Da wiegt es schon wesentlich schwerer, dass dieses Jahr zum ersten Mal seit fast 15 Jahren kein "Supertalent" produziert wird. Ob und wann die RTL-Show, die einst für Marktanteile jenseits der 30 Prozent gut war, nach ihrem desaströsen Quotenniedergang zurückkehrt, steht derzeit in den Sternen. Auch der andere große Casting-Klassiker, "Deutschland sucht den Superstar", taumelte im Frühjahr mit meist einstelligen Marktanteilen in seine Nach-Dieter-Bohlen-Ära und steht damit alles andere als zukunftssicher da. Brechen solche aufwendigen Showreihen weg, schlägt sich das beim Umsatz mit zweistelligen Millionenbeträgen nieder.
Um ihr hohes Umsatzniveau von geschätzt rund 290 Millionen Euro zu halten, muss die UFA heute deutlich mehr Produktionen stemmen als noch vor fünf bis zehn Jahren, als insgesamt weniger, dafür hochvolumigere Langlaufformate für feste Erlösbrocken sorgten. Das Geschäft ist kleinteiliger geworden, wobei die UFA relativ gesehen immer noch überdurchschnittlich viele starke Bestandsmarken im Portfolio hat, etwa die RTL-Soaps und öffentlich-rechtliche Reihen wie "Ein starkes Team" oder "SOKO Leipzig". Eine Stellungnahme zur Umsatzentwicklung sowie zu Herausforderungen und geplanten Innovationen lehnte die UFA auf DWDL.de-Anfrage ab.

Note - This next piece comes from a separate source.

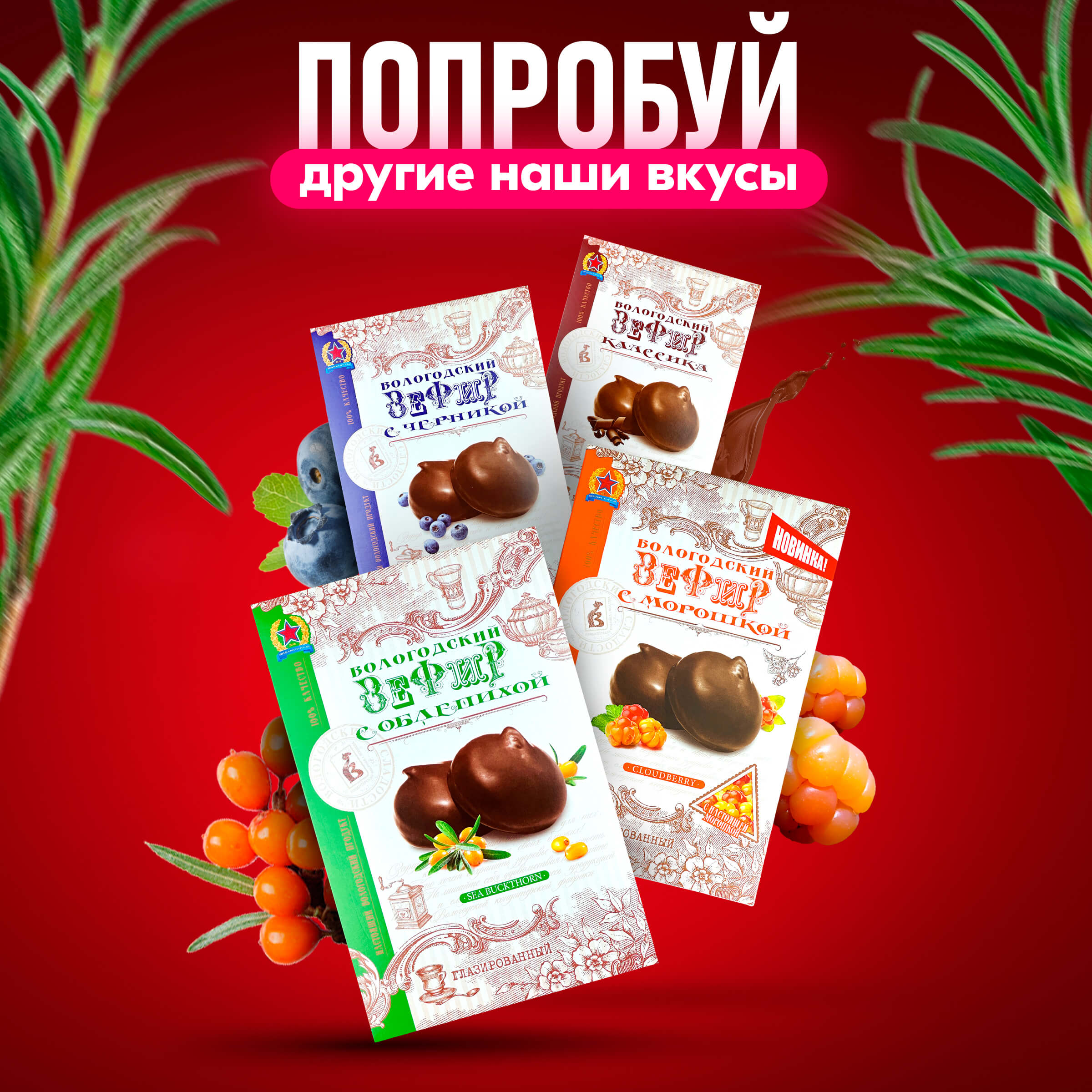 Зефир Вологодский в шоколаде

Der "Welt" hatte Hofmann im April zu Protokoll gegeben, seine Unternehmensgruppe brauche "weniger Friktion und mehr Geschwindigkeit", noch mehr Diversität und die Produktionen mehr Leidenschaft, Originalität, mehr "anarchische Elemente". Ein lange währendes UFA-Problem – die weitgehende Abwesenheit von Frauen in der Geschäftsführung mit Ausnahme von Show- und Factual-Chefin Ute Biernat – geht der CEO nach und nach an. Mit Ulrike Leibfried und der seit Juni amtierenden Nataly Kudiabor bei UFA Fiction sowie Gwendolin Szyszkowitz-Schwingel bei UFA Documentary sind jetzt vier von insgesamt zehn Geschäftsführern weiblich.
Eine Herausforderung für die nahe Zukunft liegt zweifellos in der M&A-Strategie. Alle anderen deutschen Produktionsriesen haben den Konsolidierungsdruck zuletzt stärker für Akquisitionen genutzt, als es die UFA tut. Dabei ist die internationale Marschrichtung längst klar: Laut RTL-Group-Geschäftsbericht soll Fremantle bis 2025 von 1,9 auf 3 Milliarden Euro Umsatz wachsen, "sowohl organisch als auch durch Akquisitionen – in allen Territorien". Das ehrgeizige Ziel wird nur zu erreichen sein, wenn auch die deutsche Tochter mitzieht und Hofmann vielversprechende Übernahmekandidaten findet.